Pennine Weavers is a specialist commission weaving plant with a long pedigree of producing the world’s finest cloth.

Originally established as a Commission Weaver by its current Chairman, John Hodges in 1969, the weavers operates on an impressive scale, boasting the ability to produce lengths of fabric up to 3000m. However, impressive quantity has been combined with even more impressive quality – while its home town of Keighley was once home to over 56 textile mills, Pennine Weavers has been able to succeed in an increasingly competitive market by fostering a reputation for high-end products and continuous innovation.

Pennine Weavers commission weaving loom
Pennine Weavers commission weaving loom

Crucially, this commitment to excellence has allowed Pennine Weavers to operate within a framework that accounts for a continuous streamlining of manufacturing processes. Working alongside Future Fashion Factory on an AI Autoplan Project, Pennine Weavers have further entrenched their position at the forefront of technological development.

Collaborating with Future Fashion Factory, Professor Stephen Westland, and their software partner, Juno Software, Pennine Weavers unpicked the challenges behind the implementation of Artificial Intelligence as part of a weavers’ operations and processes.

“Pennine Weavers has always prided itself at being at the forefront of systems development and implementation in the textile industry and we believe this project will not only have benefits for Pennine Weavers but potentially the whole industry. Working alongside the University of Leeds, we believe we can develop an AI-based planning system which will maximise effectiveness and efficiency of the resources employed internally, and deliver considerable benefits to both our customers and suppliers.”  

Gary Eastwood, Managing Director of Pennine Weavers
Managing director of Pennine Weavers, Gary Eastwood

Production planning for bespoke luxury fabric has typically been a laborious and time-consuming task, requiring both in-depth technical expertise and precision. However, by using machine learning and AI techniques to implement an automated workload scheduler the project was able to develop an intelligent digital system to maximise the efficacy and efficiency of premium fabric manufacturing.

Challenges around the ways to streamline production processes have been critical to the industry, as issues caused by human error – even from experienced staff – can have a devastating impact.  As such, Professor Stephen Westland stated, “it was really rewarding to work on this topic with an industrial member of the FFF network, developing an automated workload scheduler will have a critically positive impact on the company”.

Through the AI Autoplan project, Pennine Weavers have been able to explore options that utilise machine learning and artificial learning within the production environment, an application with huge potential to maximise effectiveness both internally and to suppliers and consumers alike.

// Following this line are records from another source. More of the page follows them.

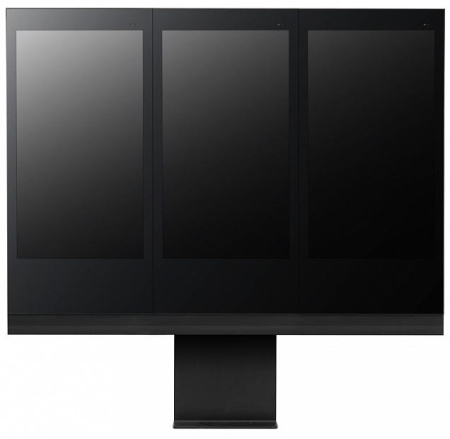 49" уличный киоск HighBright, 3000 кд/м2, 24/7, 1920x1080, LG webOS 3.0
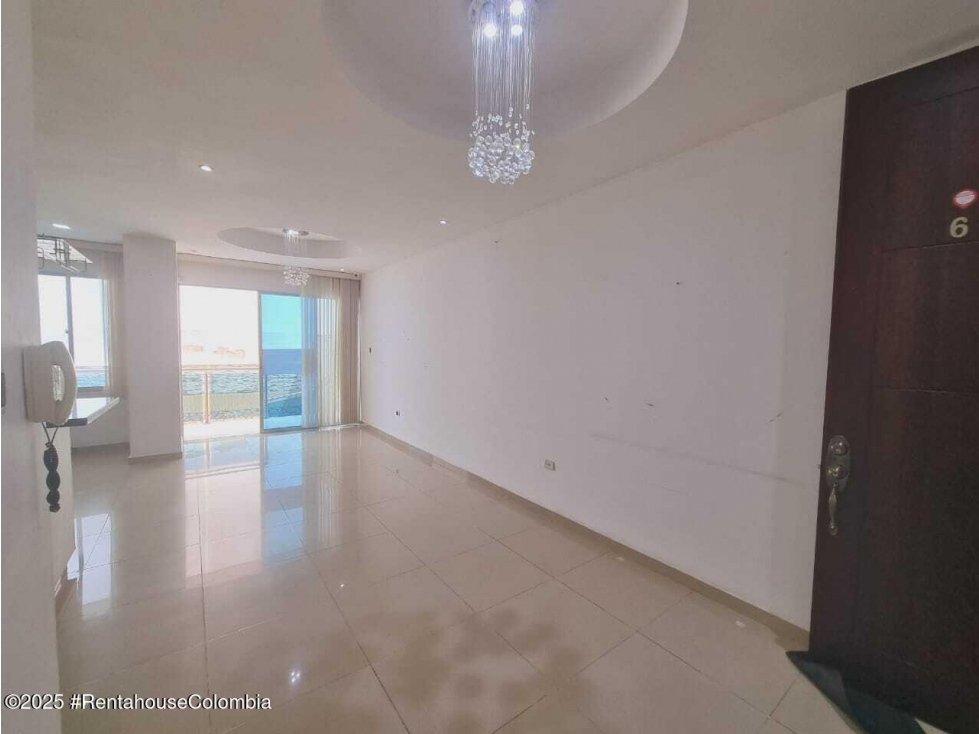 Apartamento en Cartagena (Bolivar) RAH CO: 26-330 — foto 2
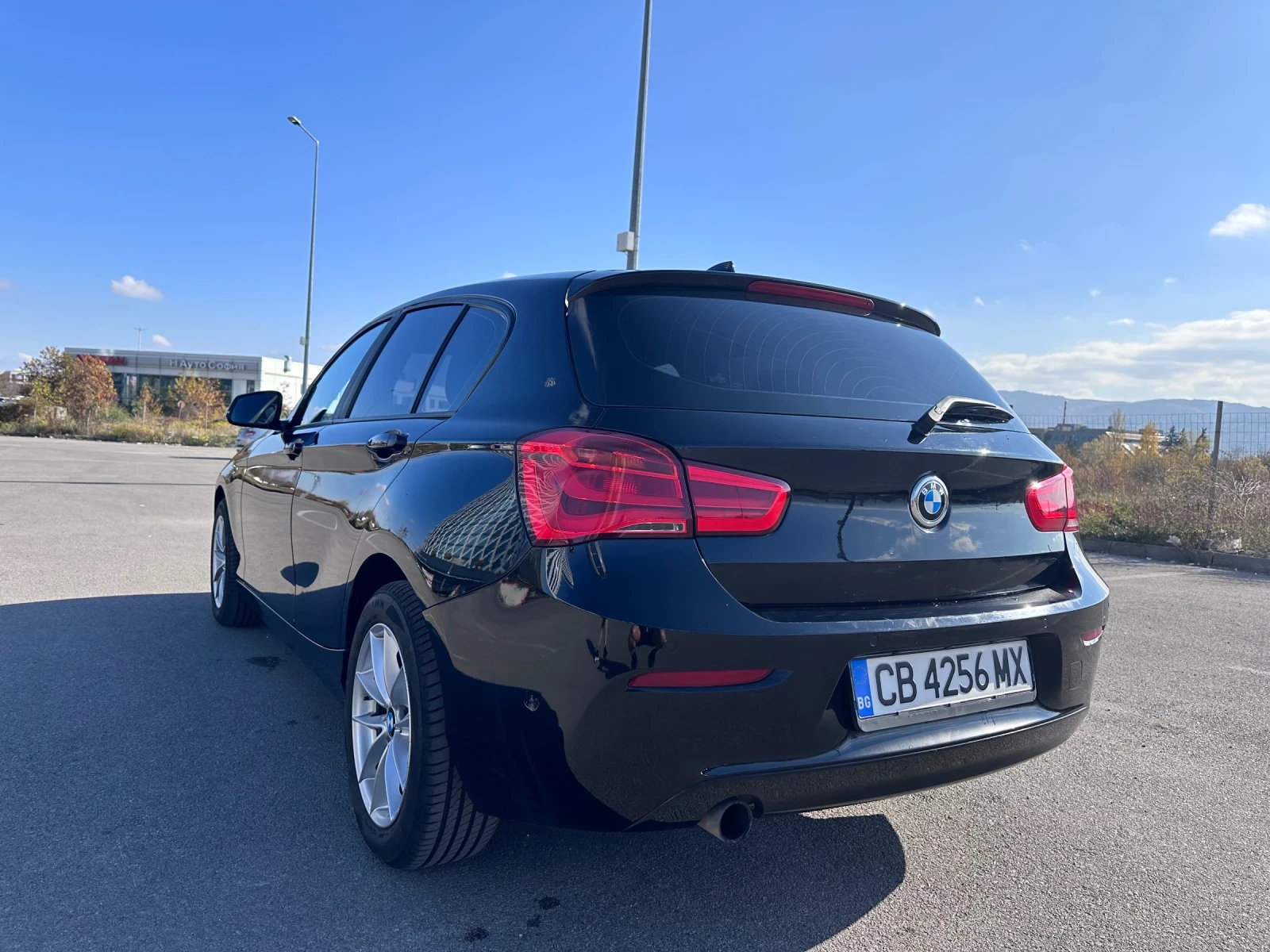 BMW 116 71000хил км  - изображение 2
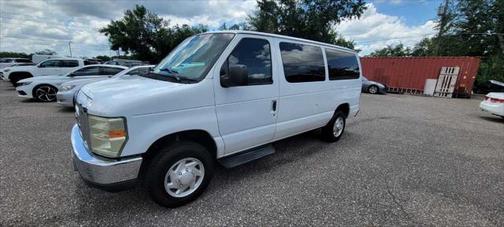 2008 Ford E350 Super Duty XL Wagon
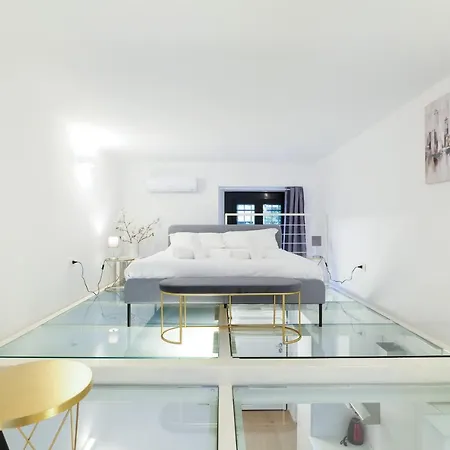 Primopiano - Aragona Flats Milão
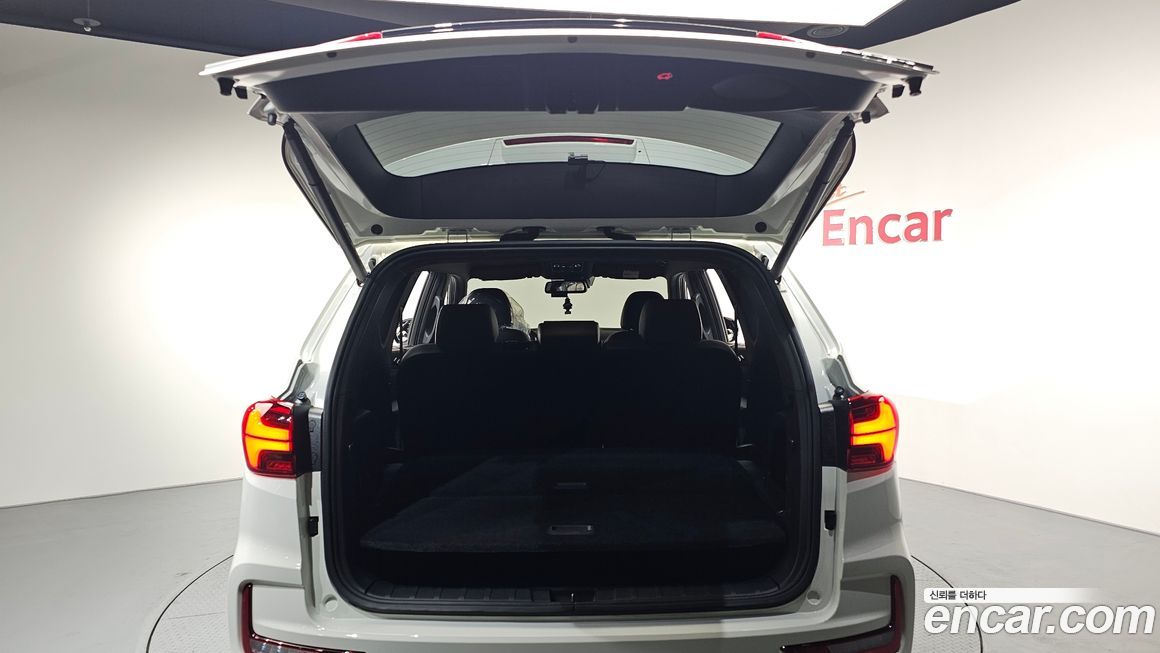 KG_Mobility_Ssangyong Rexton 2025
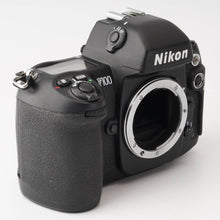 画像をギャラリービューアに読み込む, ニコン Nikon F100 一眼レフフィルムカメラ
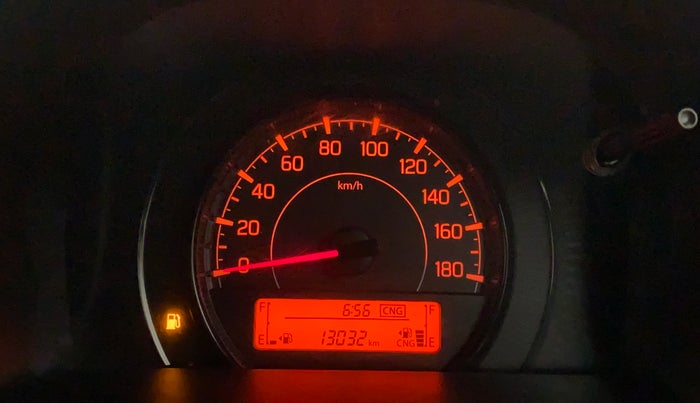 2021 Maruti New Wagon-R LXI CNG 1.0, CNG, Manual, 13,032 km, Odometer Image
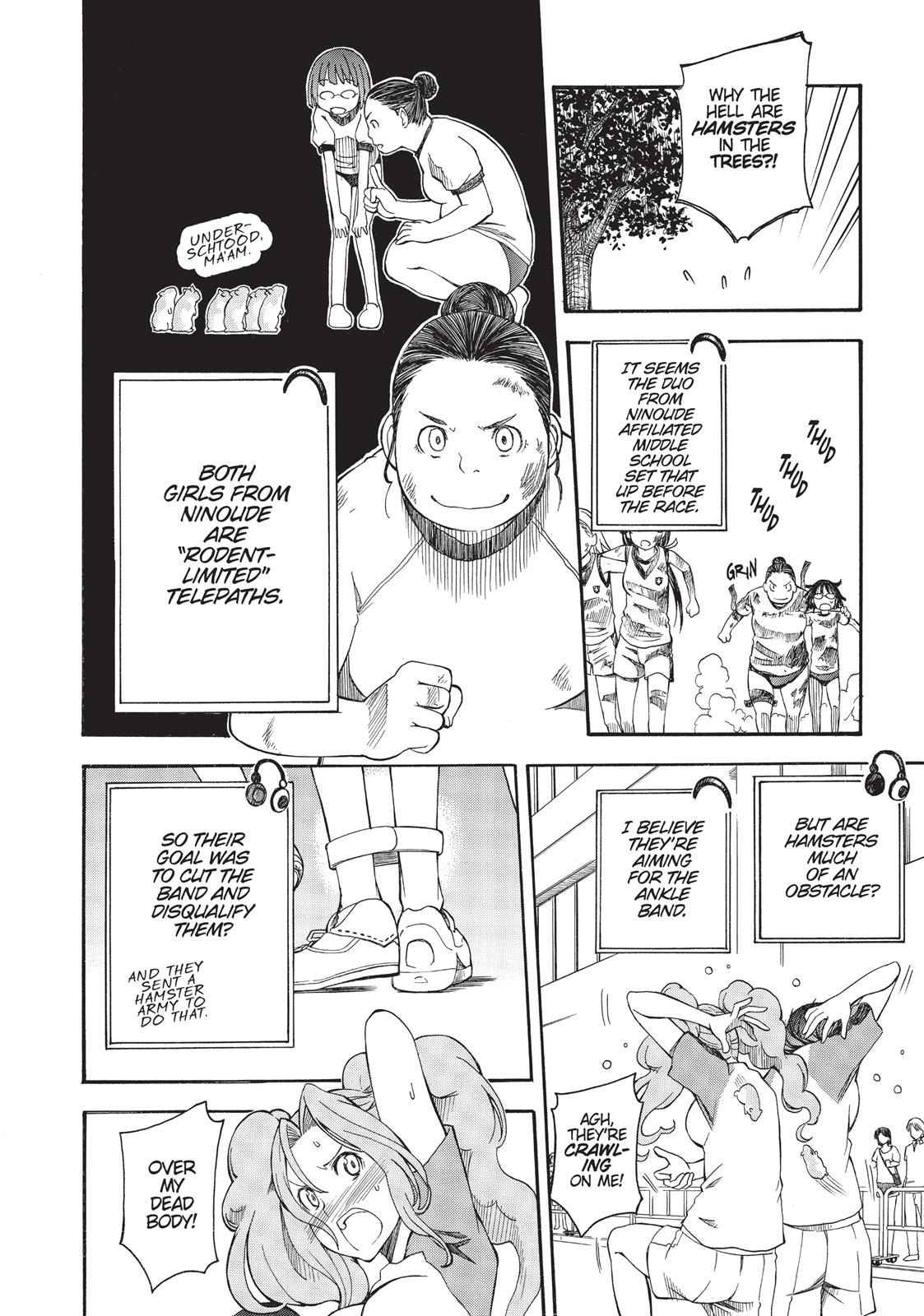 Read A Certain Scientific Railgun Manga Online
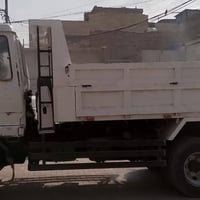 نيسان كلابي • ٢ طن • موديل ١٩٩٢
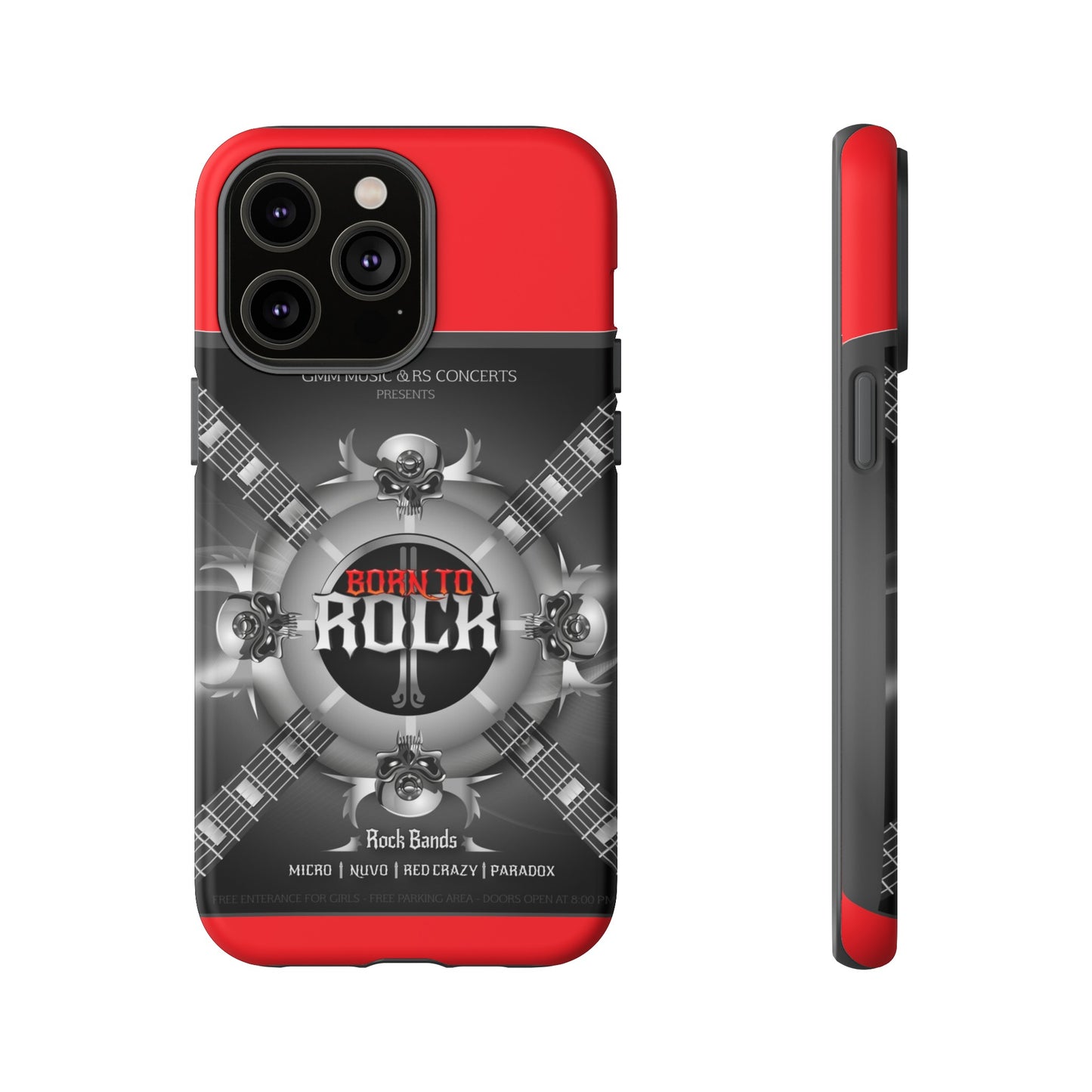 Tough Cases Covers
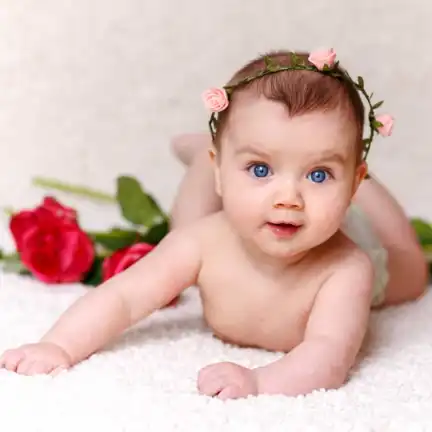 Cute Baby Girl Images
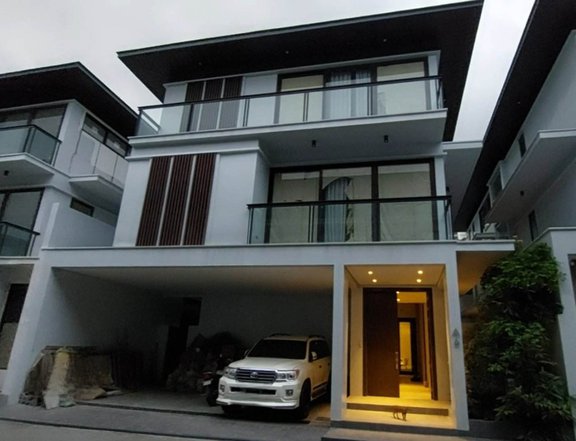 Single Detached House and Lot For Sale in New Manila, Quezon City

The outcomes of the project could have a significant effect on the efficiency and cost effectiveness of the business, reducing lead times, costs, risk and therefore ensuring that they stay at the forefront of weaving both nationally and globally. However, utilising machine learning in this way could improve planning across industry, driving growth and reducing waste on a profound scale.

The project only scratches the surface when it comes to application viable AI applications across the textile industry – no doubt the technology behind the automatic workload scheduler can be used to facilitate a host of other automated processes. As such, Professor Stephen Westland stated, “UoL researchers were very pleased to be able to contribute to identification of suitable AI technologies; it was a pleasure to be able to work alongside technology partner Juno in this project.”